The Journal is pleased to announce that this issue contains a document sponsored by the Society for Neuroscience entitled “Responsible Conduct Regarding Scientific Communication,” which consists of guidelines prepared by the Ad Hoc Committee on Responsibility in Publishing.
This document is the fruition of work by a committee set up by the Society in 1995 to address in a systematic fashion the responsibilities of the major parties in the publishing of articles in the field of neuroscience: authors, reviewers and editors. No one has to be told that the integrity of scientific research depends on the highest standards of ethical conduct of each of these parties in the process of generating, reviewing, and publishing scientific results. And no one has to be told that this process has been subjected to increasing strains in recent years as the field of neuroscience has undergone its strong growth. To help the Journal deal with these strains, the committee has reviewed the whole process to see the responsibilities of each party within the context of the responsibilities of the others.
It is important to point out that the initiative for this enterprise came not from top down, but from bottom up, from practical concerns arising in the field. They were communicated to the then President of the Society, Carla Schatz, who appointed Michael Zigmond to chair the committee to carry out the review. The committee met frequently and interchanged many documents in the intervening three years. It interviewed a number of people and obtained advice from lawyers and other consultants. Many of the sections underwent scrutiny word by word.

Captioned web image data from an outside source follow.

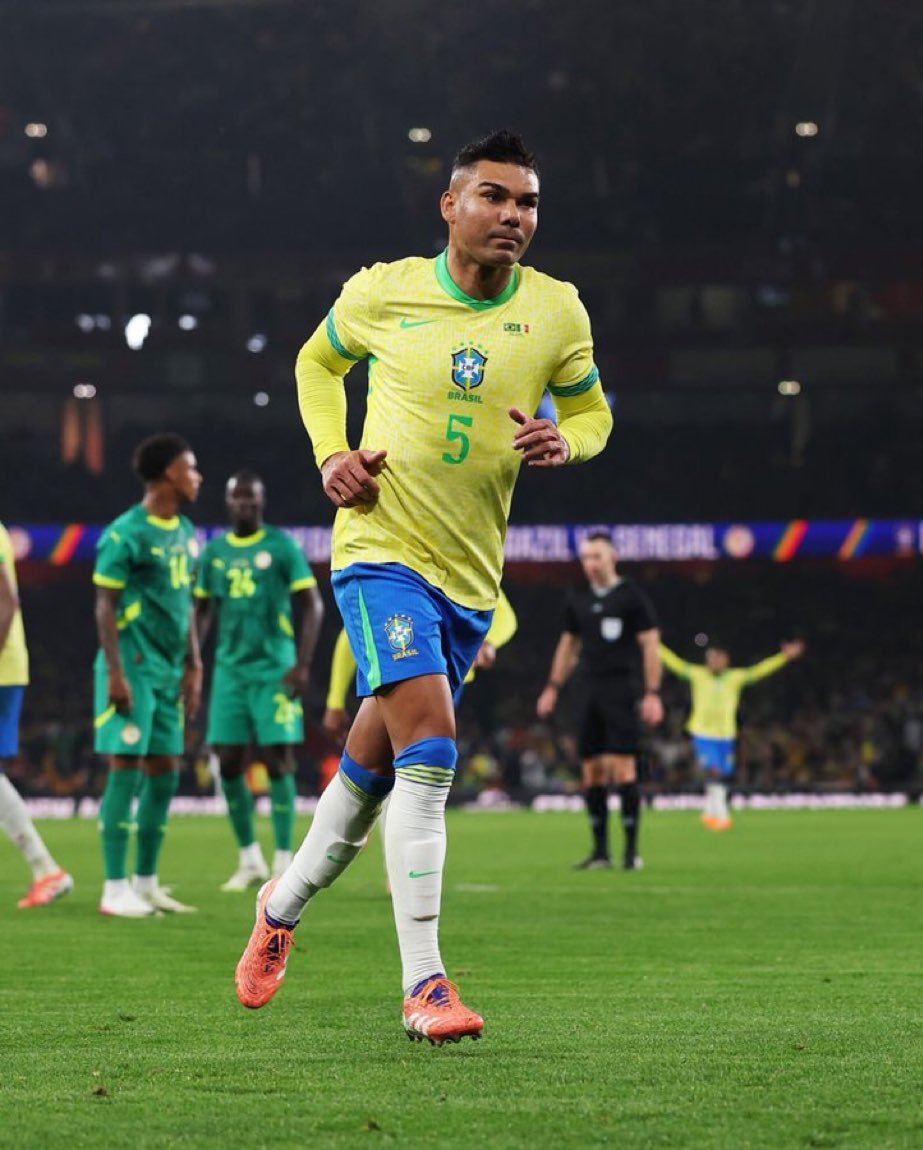 卡塞米罗现在是曼联和巴西队中场核心。安切洛蒂表示：“他是球队保持平衡最重要的球员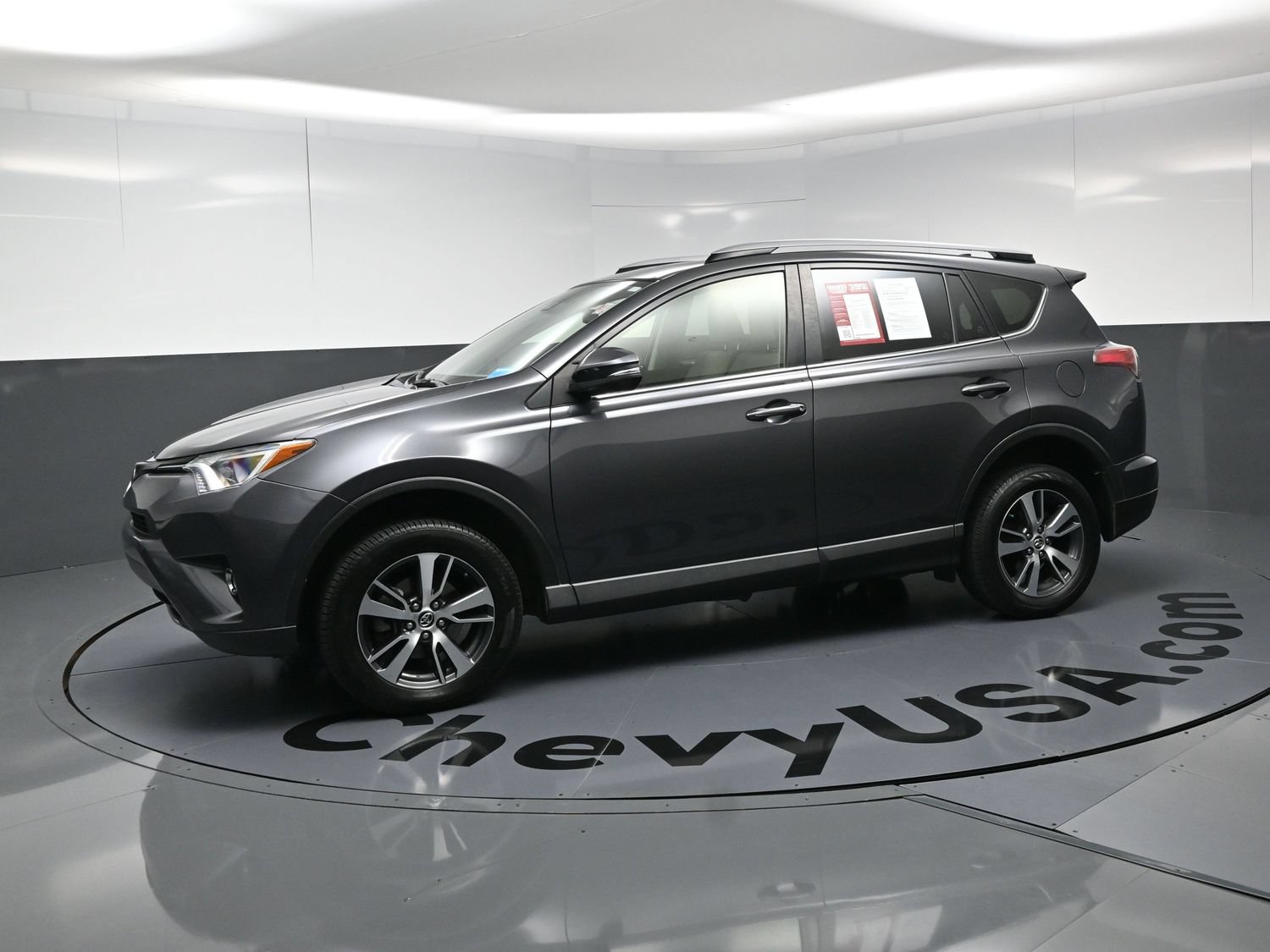 Used 2018 Toyota RAV4 XLE AWD/4WD image 6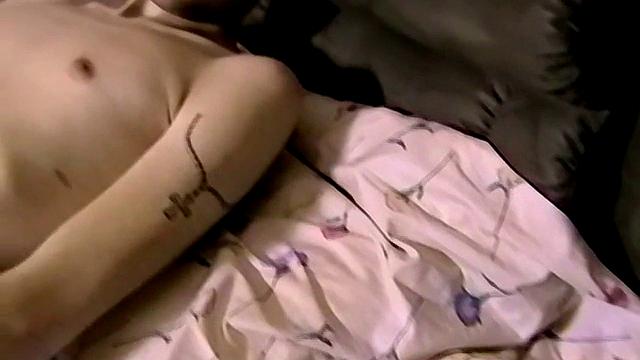 Айден Пагсли получает горячую гей-жопу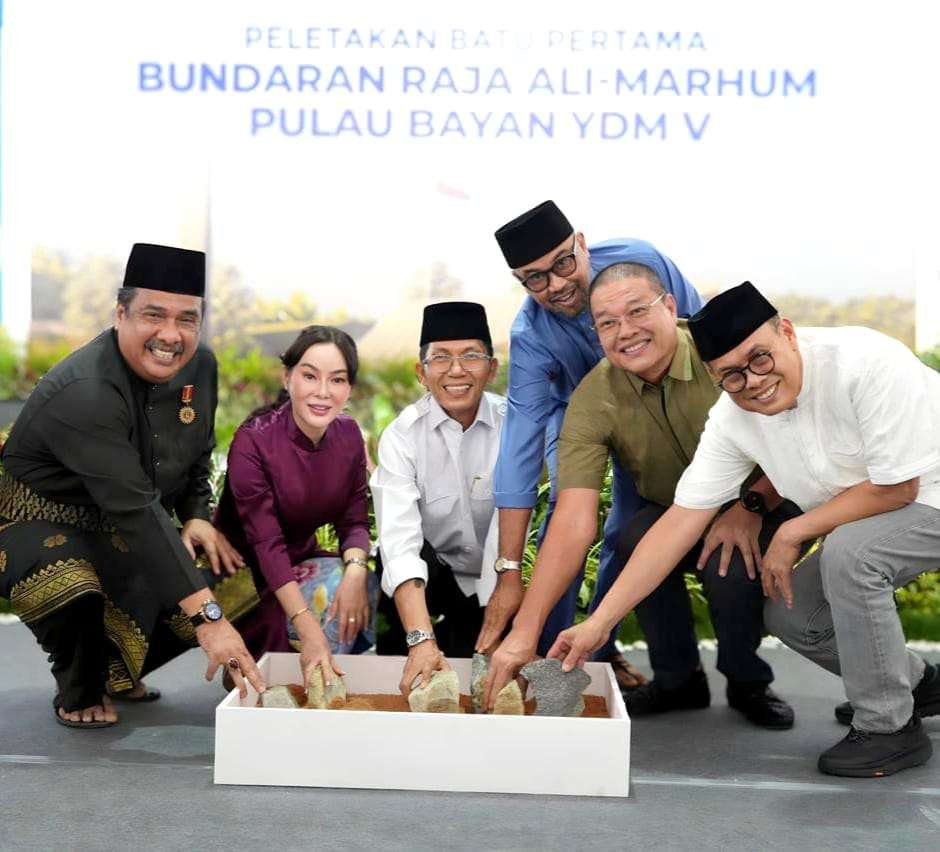 Peletakan batu pertama Bundaran Raja Ali Marhum Pulau Bayan Yang Dipertuan Muda V di ruas jalan menuju Bandara Internasional Hang Nadim, Jumat (10/7/2026). Foto:  Humas BP Batam
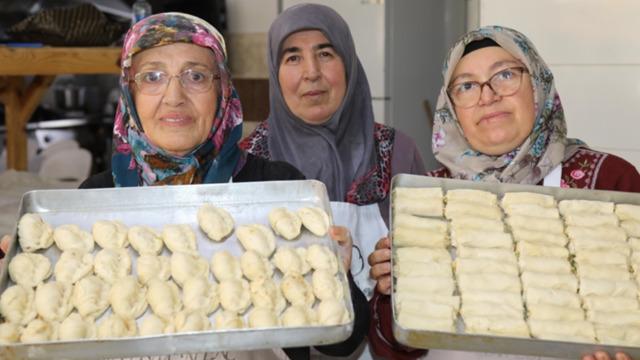 Annelerinden öğrendiği hamur işleri geçim kaynakları oldu! Alın terimle çocuklarımı büyüttüm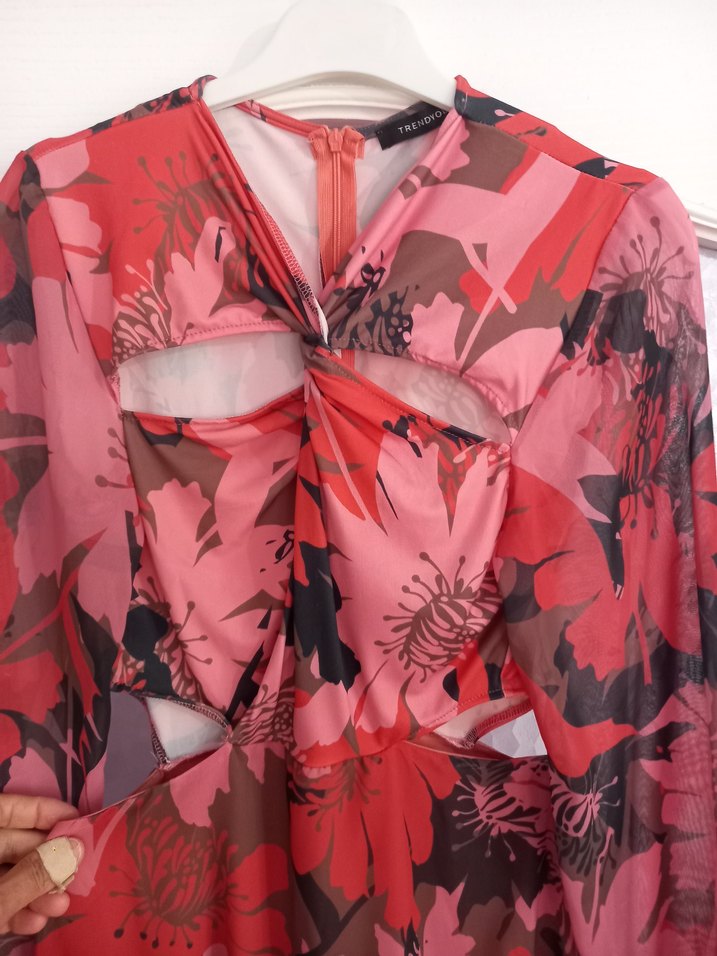 Trendyol Bel ve Göğüs Dekolteli Abiye Elbise - Görsel 5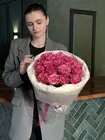 Купить Букет из 15 пионовидных роз Country blues в оформлении в Томске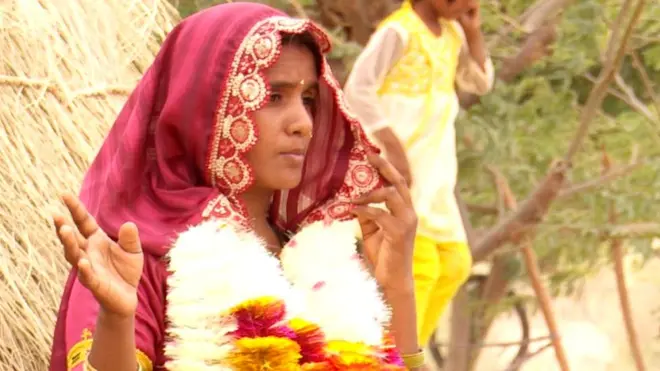 सुनिता परमार थरपारकर में आबाद दलित हिंदू बिरादरी से संबंध रखती हैं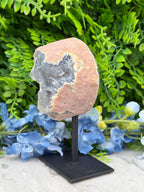 Agate geode on a stand (350 gr/13 cm)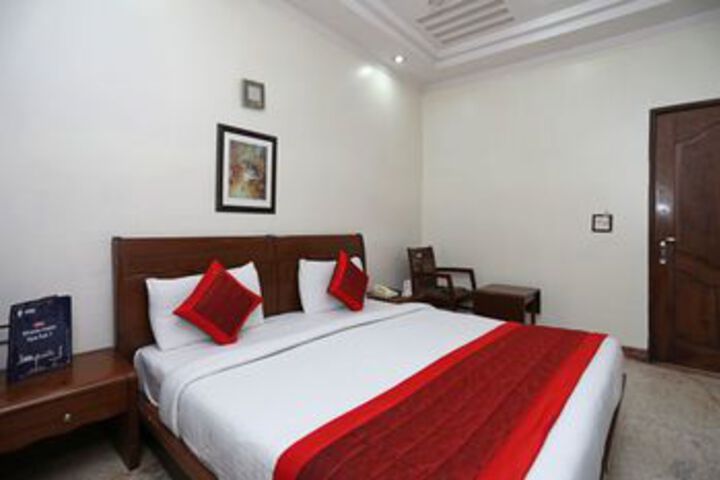 Room 10 of 23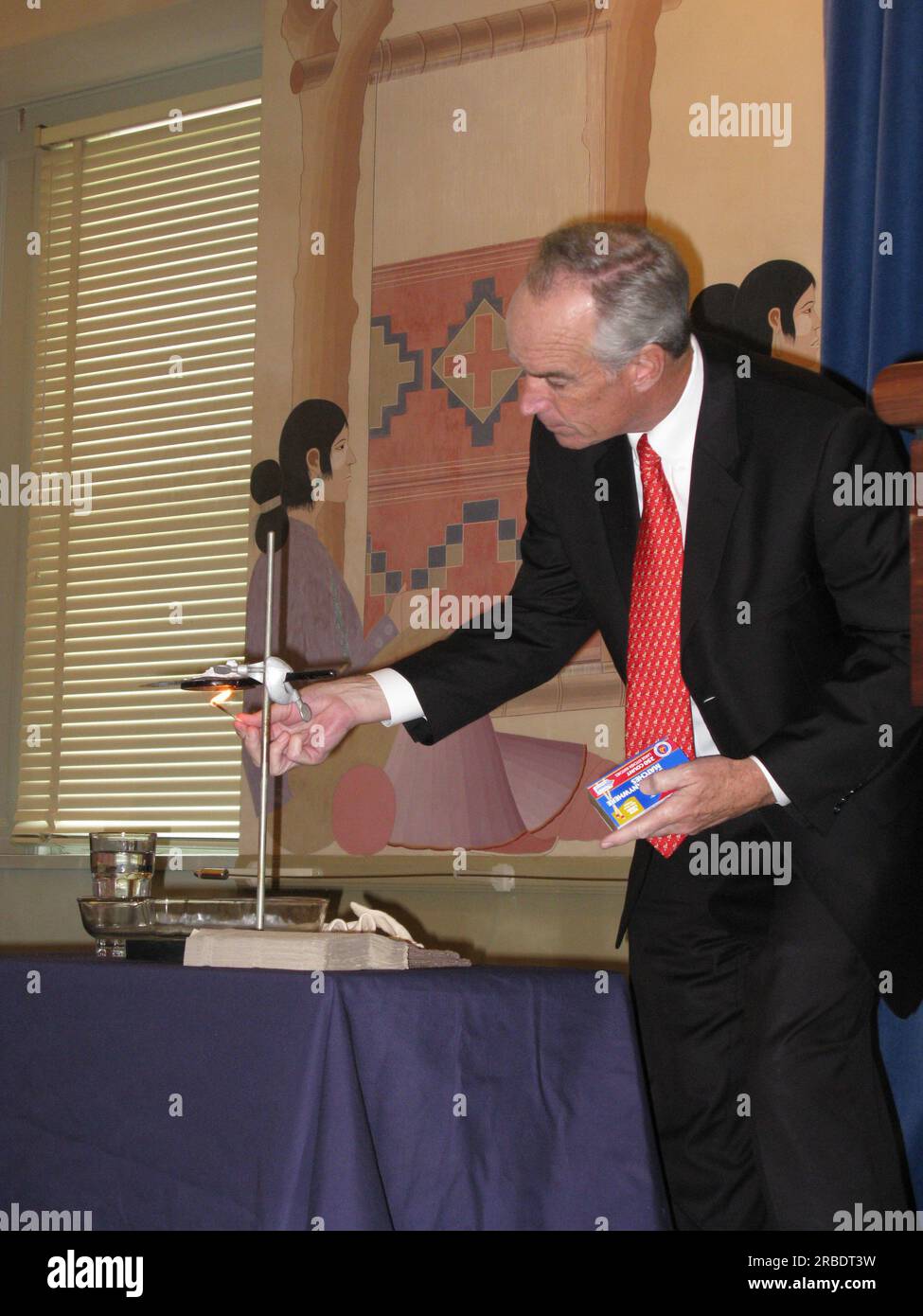 Segretario Dirk Kempthorne, leader conferenza stampa, presso Main Interior, al rilascio degli Stati Uniti Valutazione del Geological Survey (USGS) che stima l'esistenza di 85,4 trileoni piedi cubi di gas non scoperto, tecnicamente recuperabile dagli idrati di gas naturale sulla Alaska North Slope. Il segretario Kempthorne, Unito al direttore dell'USGS Mark Myers, ha indicato che la valutazione dell'USGS è stata la prima stima delle risorse di idrati di gas naturale tecnicamente recuperabili, che sono solidi naturali simili a ghiaccio in cui le molecole d'acqua intrappolano le molecole di gas naturale in una struttura simile a una gabbia nota come clatrato. Foto Stock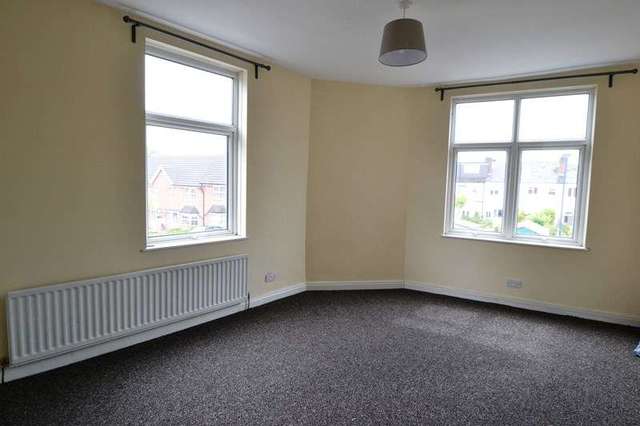  Image of 3 Bedroom End of Terrace to rent at Warren Road Stirchley Birmingham, B30 2NY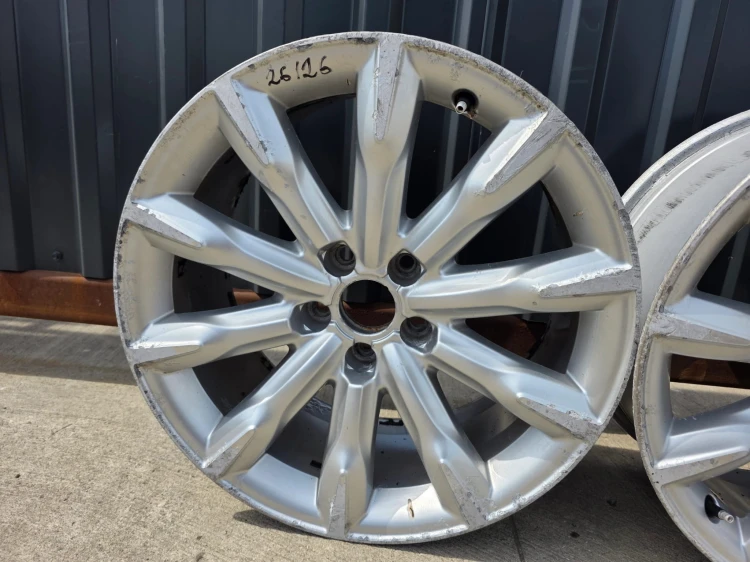 FELGA FELGI VW AUDI SKODA A3 A4 A6 8.0J R18 ET26 8K0601025AD 26/26 KOMPLET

The original request was for the Society to spell out the responsibilities in publishing for the specific purpose of guiding theJournal of Neuroscience, but a larger purpose was to develop a set of principles to which all journals publishing in the field of neuroscience could subscribe. We therefore encourage our readers to carry the message of this document to other publications in which they may serve, so that it may be discussed and implemented, and a consensus can emerge, much along the same lines as the code of ethics for the use of animals in research.
The experience of the committee made it clear that discussions of the guidelines need to continue. A new committee is therefore being formed that will keep the guidelines under review into the near future. This means that the guidelines are a living document; all readers are encouraged to provide input to making them better and more widely applicable in the future.